Nuestra tía

De niños le guardábamos un respeto casi reverencial; no era regañona pero su mirada severa y el hecho de que decía las cosas sin tapujos nos indicaba que teníamos que obedecer y no pasar de la raya.

Por José María Sifontes
Médico siquiatra

Sep 04, 2020- 21:27

Ya son cuatro semanas desde que el Señor decidió llevarse a nuestra tía Blanquita de este mundo y sigue siendo muy doloroso pensar que no la veremos más. Este artículo es un homenaje a su vida y lo escribo en plural porque el sentimiento con que lo hago es compartido por mis hermanos.
Tía Blanquita fue una de esas tías que comparten con uno toda la vida. Estuvo ahí cuando nacimos, nos vio crecer, llegó a nuestras bodas, y también estuvo ahí cuando nacieron nuestros hijos. Su nombre fue una descripción fiel de su aspecto, piel inmaculadamente blanca y de ojos claros; heredó esas características de su madre, nuestra abuela paterna. Su semblante era grave, serio, y era de temperamento fuerte. De niños le guardábamos un respeto casi reverencial; no era regañona pero su mirada severa y el hecho de que decía las cosas sin tapujos nos indicaba que teníamos que obedecer y no pasar de la raya.

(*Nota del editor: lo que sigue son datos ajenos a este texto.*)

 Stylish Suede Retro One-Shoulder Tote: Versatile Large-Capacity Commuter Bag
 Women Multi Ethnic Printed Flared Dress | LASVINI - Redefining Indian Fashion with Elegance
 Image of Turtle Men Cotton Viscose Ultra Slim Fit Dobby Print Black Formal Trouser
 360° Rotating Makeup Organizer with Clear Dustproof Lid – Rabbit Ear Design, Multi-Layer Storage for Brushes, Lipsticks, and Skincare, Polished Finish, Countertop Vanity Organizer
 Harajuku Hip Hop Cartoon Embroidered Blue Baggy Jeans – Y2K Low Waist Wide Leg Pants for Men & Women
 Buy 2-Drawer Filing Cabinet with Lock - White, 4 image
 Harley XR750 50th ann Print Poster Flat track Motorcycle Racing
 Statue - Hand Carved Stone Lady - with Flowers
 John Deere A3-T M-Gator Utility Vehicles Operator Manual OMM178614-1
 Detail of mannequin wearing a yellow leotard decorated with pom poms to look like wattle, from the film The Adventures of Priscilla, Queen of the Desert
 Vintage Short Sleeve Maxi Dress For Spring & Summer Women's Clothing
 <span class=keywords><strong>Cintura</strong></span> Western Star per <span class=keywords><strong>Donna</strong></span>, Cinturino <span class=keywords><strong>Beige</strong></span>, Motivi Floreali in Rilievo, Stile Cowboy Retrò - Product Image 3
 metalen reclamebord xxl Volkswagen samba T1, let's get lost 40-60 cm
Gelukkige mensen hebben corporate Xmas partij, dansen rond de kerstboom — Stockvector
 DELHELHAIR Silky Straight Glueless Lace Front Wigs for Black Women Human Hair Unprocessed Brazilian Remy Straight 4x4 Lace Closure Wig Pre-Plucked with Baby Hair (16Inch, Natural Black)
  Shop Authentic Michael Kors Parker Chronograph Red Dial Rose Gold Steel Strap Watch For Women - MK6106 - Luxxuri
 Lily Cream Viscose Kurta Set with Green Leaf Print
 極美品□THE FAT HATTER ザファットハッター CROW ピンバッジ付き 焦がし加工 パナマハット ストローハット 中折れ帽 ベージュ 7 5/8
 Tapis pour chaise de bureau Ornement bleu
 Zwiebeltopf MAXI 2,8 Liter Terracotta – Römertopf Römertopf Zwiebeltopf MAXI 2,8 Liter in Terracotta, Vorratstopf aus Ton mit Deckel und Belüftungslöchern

Al crecer comprendimos que detrás de esa coraza había un corazón de algodón. No era de besos, abrazos ni sentimentalismos, pero expresaba su afecto por lo que hacía.
En general no uso malas palabras y no me agrada oírlas, pero debo aceptar que hay algunas personas, muy pocas, a quienes se les escuchan naturales y las dicen con mucha gracia. Era el caso de la tía. Nunca tuvo pelos en la lengua para decir claramente lo que sentía. Su repertorio de malas palabras era usado con suma naturalidad, sin cambios en los gestos ni en el tono; eran enfáticas, no vulgares. Y a nosotros nos causaba mucha gracia, tanta que no podíamos ocultar la risa al escucharla dar una opinión o hacer un comentario sobre algo. Vamos a extrañar mucho esos comentarios con condimento.
La virtud por la cual fue muy conocida era su cocina, la que también heredó de nuestra abuela. Dicho de forma rápida, cocinaba como los ángeles. En las fiestas las personas que no la conocían bien salían fascinadas de la comida, y no dudaban en regresar a la siguiente. Su paella, sus camarones al ajillo, su gallo en vino, sus tamales, su carne asada que preparaba en una especie de horno de herrero, su reconocido refresco de ensalada, y sus postres. Todo espectacular. Ni en los restaurantes más finos y caros hemos comido algo mejor, y estamos conscientes que no volveremos a probar algo igual. Muchas expertas cocineras intentaron copiarle las recetas, que daba sin ningún egoísmo, pero era tarea imposible. La tía heredó a nuestra prima su temperamento, y a nuestro primo ‒que también descanse en paz‒, su talento en la cocina, tanto que llegó a trabajar como chef en restaurantes famosos de Miami y Houston.
Tenía dos aficiones fuertes, claramente contrastantes: las novelas y el fútbol. Jamás se perdía un capítulo de sus novelas ni un partido del Alianza o del Real Madrid, sus equipos del alma. Su pasión era tal que realmente le afectaba mucho cuando perdían, y no se contenía en hacer dulces comentarios sobre los árbitros.
Le gustaba el whisky, pero no se excedía y nunca la vi afectada en lo más mínimo. Pero aparte de todo, lo que más apreciamos fue su relación con nuestra madre. De personalidades muy distintas, casi opuestas, se quisieron mucho. La muerte de nuestra madre y la de su hijo indudablemente la debilitaron. Sabemos dónde estás ahora, querida tía Blanquita, y te mandamos un beso.